━━ DATA PROVIDED
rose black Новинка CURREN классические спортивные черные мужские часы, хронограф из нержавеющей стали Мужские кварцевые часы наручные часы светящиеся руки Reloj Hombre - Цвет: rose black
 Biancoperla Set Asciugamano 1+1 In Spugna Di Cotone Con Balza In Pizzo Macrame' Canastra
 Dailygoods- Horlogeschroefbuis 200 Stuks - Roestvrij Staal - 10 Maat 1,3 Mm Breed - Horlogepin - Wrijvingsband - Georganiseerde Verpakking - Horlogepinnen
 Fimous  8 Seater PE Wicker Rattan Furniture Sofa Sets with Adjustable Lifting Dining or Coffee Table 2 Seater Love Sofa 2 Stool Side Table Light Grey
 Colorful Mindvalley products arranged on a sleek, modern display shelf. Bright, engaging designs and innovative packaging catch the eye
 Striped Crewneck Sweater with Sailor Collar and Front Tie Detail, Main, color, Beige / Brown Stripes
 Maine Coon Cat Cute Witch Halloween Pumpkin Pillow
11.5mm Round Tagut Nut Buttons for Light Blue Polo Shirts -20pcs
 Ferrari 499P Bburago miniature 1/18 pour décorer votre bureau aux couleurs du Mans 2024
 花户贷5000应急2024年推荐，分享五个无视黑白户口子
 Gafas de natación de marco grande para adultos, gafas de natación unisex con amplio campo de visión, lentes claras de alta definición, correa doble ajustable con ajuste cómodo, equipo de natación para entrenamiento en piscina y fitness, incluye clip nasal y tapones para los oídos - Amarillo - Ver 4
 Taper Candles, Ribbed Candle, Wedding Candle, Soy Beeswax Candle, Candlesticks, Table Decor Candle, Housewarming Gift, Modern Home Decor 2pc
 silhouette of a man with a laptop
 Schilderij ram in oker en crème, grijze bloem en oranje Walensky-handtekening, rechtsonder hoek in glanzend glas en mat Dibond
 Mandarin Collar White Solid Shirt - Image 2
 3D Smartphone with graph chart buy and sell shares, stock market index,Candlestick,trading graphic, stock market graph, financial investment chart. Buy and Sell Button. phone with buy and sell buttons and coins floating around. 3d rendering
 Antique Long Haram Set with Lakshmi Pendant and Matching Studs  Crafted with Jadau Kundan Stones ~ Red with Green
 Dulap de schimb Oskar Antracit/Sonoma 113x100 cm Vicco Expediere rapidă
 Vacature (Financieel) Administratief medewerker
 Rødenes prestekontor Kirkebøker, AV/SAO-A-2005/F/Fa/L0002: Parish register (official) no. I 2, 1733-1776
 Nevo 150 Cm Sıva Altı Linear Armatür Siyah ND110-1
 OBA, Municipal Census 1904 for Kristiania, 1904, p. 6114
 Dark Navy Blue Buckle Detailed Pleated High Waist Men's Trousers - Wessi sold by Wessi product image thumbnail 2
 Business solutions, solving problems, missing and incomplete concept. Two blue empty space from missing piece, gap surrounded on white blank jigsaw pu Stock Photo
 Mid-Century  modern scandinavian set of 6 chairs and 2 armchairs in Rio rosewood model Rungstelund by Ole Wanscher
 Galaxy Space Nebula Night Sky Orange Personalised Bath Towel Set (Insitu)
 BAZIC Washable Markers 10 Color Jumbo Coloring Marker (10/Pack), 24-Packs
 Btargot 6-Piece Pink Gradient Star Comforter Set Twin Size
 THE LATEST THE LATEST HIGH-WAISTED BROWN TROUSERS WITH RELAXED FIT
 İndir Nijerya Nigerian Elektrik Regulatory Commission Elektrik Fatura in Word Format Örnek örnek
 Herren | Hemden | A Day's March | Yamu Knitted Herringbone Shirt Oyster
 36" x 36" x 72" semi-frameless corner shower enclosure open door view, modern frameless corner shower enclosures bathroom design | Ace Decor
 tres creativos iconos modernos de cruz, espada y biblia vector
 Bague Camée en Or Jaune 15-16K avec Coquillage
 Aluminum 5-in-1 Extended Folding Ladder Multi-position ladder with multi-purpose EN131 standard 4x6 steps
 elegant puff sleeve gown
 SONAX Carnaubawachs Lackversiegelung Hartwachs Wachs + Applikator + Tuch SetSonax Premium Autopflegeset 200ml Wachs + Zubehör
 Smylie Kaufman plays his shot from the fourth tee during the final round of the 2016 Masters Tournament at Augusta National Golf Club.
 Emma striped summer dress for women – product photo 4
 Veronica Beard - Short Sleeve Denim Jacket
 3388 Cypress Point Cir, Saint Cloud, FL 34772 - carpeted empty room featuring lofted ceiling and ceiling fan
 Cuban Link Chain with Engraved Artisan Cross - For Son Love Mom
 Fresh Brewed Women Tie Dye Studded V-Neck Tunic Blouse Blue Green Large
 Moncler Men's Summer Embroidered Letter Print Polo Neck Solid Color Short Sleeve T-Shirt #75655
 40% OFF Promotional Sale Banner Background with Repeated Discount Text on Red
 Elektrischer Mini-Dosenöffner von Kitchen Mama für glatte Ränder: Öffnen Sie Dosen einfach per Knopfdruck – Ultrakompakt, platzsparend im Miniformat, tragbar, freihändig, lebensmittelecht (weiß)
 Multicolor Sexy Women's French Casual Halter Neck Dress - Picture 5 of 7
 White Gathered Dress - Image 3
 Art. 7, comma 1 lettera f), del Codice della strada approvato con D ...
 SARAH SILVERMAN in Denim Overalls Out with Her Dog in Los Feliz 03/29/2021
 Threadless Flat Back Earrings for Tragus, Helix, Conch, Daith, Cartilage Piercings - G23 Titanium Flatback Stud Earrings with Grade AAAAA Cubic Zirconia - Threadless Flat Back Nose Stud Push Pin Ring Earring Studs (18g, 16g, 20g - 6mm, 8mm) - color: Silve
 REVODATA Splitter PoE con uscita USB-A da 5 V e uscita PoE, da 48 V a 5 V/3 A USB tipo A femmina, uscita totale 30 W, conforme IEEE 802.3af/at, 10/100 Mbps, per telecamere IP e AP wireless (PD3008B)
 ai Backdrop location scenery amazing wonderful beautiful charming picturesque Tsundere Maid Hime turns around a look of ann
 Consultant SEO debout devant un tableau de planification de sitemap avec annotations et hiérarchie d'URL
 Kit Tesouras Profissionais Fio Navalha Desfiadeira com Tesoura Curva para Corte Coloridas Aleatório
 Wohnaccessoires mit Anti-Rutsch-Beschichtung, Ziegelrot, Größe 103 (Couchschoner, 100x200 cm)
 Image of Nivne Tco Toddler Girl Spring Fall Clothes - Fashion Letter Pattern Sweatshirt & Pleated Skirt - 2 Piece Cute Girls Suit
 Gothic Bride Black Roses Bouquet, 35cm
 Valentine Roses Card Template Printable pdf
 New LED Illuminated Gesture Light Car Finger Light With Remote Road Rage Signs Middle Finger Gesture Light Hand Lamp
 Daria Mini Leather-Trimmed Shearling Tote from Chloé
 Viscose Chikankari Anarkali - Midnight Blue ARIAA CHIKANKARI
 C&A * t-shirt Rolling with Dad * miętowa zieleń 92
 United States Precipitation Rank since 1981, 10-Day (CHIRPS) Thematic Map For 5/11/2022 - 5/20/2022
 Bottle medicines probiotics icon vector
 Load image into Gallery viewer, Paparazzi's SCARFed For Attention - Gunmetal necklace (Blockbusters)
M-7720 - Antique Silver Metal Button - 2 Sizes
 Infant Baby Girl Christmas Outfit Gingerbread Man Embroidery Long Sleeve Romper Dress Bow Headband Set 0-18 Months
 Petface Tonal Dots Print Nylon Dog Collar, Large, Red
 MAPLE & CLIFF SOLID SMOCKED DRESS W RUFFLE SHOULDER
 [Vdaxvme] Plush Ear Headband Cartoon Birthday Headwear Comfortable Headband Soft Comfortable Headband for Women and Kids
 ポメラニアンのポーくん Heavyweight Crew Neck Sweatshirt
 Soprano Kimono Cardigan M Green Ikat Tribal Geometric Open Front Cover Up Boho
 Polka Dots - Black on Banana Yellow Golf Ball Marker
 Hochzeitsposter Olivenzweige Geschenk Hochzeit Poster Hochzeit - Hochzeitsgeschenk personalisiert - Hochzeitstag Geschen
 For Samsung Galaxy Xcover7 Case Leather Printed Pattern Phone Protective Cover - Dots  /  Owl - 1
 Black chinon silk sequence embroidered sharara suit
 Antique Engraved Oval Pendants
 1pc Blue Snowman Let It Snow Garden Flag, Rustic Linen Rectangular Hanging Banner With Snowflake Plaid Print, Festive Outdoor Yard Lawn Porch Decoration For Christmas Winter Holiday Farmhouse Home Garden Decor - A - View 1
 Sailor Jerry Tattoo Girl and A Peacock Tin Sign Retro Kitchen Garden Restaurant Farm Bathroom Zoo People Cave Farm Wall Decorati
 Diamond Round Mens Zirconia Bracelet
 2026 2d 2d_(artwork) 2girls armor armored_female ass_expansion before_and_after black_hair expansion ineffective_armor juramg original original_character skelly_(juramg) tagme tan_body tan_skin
━━━━
PROBLEM STATEMENT → Please print, unchanged, the lines from the one holding "Sailor Jerry Tattoo" through the last line of the listing above, including both and omitting the rest.

RESULT FOR THIS EXERCISE →
 Sailor Jerry Tattoo Girl and A Peacock Tin Sign Retro Kitchen Garden Restaurant Farm Bathroom Zoo People Cave Farm Wall Decorati
 Diamond Round Mens Zirconia Bracelet
 2026 2d 2d_(artwork) 2girls armor armored_female ass_expansion before_and_after black_hair expansion ineffective_armor juramg original original_character skelly_(juramg) tagme tan_body tan_skin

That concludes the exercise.